→ Directions: Please write out, exactly as given, the line that contains "Running Away From Her - Original Version" and all lines that follow it through the end of the listing, and nothing else.

→ Records:
= = = =

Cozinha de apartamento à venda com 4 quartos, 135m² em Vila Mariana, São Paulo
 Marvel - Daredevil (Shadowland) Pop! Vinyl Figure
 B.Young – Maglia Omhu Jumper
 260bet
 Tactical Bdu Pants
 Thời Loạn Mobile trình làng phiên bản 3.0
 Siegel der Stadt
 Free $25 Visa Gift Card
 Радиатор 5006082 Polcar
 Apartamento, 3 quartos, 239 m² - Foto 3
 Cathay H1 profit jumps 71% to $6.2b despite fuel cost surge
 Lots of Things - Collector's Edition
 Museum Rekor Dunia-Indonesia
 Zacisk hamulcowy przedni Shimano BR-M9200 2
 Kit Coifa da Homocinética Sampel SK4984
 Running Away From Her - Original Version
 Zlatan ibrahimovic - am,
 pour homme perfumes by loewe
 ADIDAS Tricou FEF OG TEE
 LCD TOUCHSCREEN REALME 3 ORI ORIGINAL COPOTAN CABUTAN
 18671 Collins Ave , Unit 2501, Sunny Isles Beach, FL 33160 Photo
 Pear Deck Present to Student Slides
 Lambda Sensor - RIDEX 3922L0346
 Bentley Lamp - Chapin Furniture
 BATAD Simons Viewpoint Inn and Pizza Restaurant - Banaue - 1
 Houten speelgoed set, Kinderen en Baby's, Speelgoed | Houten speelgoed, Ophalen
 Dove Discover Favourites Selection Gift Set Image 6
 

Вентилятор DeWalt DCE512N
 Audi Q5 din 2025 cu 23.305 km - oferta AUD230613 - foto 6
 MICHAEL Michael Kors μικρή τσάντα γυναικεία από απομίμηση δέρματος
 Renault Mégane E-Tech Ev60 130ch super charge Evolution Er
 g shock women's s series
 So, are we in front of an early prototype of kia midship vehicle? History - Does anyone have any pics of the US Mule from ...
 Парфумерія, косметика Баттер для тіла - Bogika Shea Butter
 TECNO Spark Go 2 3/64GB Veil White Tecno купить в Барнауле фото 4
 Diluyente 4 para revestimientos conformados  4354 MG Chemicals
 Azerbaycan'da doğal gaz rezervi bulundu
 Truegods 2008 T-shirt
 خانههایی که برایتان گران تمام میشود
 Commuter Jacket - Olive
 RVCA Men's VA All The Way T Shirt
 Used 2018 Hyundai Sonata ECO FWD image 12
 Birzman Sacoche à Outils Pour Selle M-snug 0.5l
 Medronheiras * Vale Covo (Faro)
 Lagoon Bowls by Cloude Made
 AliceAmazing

= = = =

→ Response:
 Running Away From Her - Original Version
 Zlatan ibrahimovic - am,
 pour homme perfumes by loewe
 ADIDAS Tricou FEF OG TEE
 LCD TOUCHSCREEN REALME 3 ORI ORIGINAL COPOTAN CABUTAN
 18671 Collins Ave , Unit 2501, Sunny Isles Beach, FL 33160 Photo
 Pear Deck Present to Student Slides
 Lambda Sensor - RIDEX 3922L0346
 Bentley Lamp - Chapin Furniture
 BATAD Simons Viewpoint Inn and Pizza Restaurant - Banaue - 1
 Houten speelgoed set, Kinderen en Baby's, Speelgoed | Houten speelgoed, Ophalen
 Dove Discover Favourites Selection Gift Set Image 6
 

Вентилятор DeWalt DCE512N
 Audi Q5 din 2025 cu 23.305 km - oferta AUD230613 - foto 6
 MICHAEL Michael Kors μικρή τσάντα γυναικεία από απομίμηση δέρματος
 Renault Mégane E-Tech Ev60 130ch super charge Evolution Er
 g shock women's s series
 So, are we in front of an early prototype of kia midship vehicle? History - Does anyone have any pics of the US Mule from ...
 Парфумерія, косметика Баттер для тіла - Bogika Shea Butter
 TECNO Spark Go 2 3/64GB Veil White Tecno купить в Барнауле фото 4
 Diluyente 4 para revestimientos conformados  4354 MG Chemicals
 Azerbaycan'da doğal gaz rezervi bulundu
 Truegods 2008 T-shirt
 خانههایی که برایتان گران تمام میشود
 Commuter Jacket - Olive
 RVCA Men's VA All The Way T Shirt
 Used 2018 Hyundai Sonata ECO FWD image 12
 Birzman Sacoche à Outils Pour Selle M-snug 0.5l
 Medronheiras * Vale Covo (Faro)
 Lagoon Bowls by Cloude Made
 AliceAmazing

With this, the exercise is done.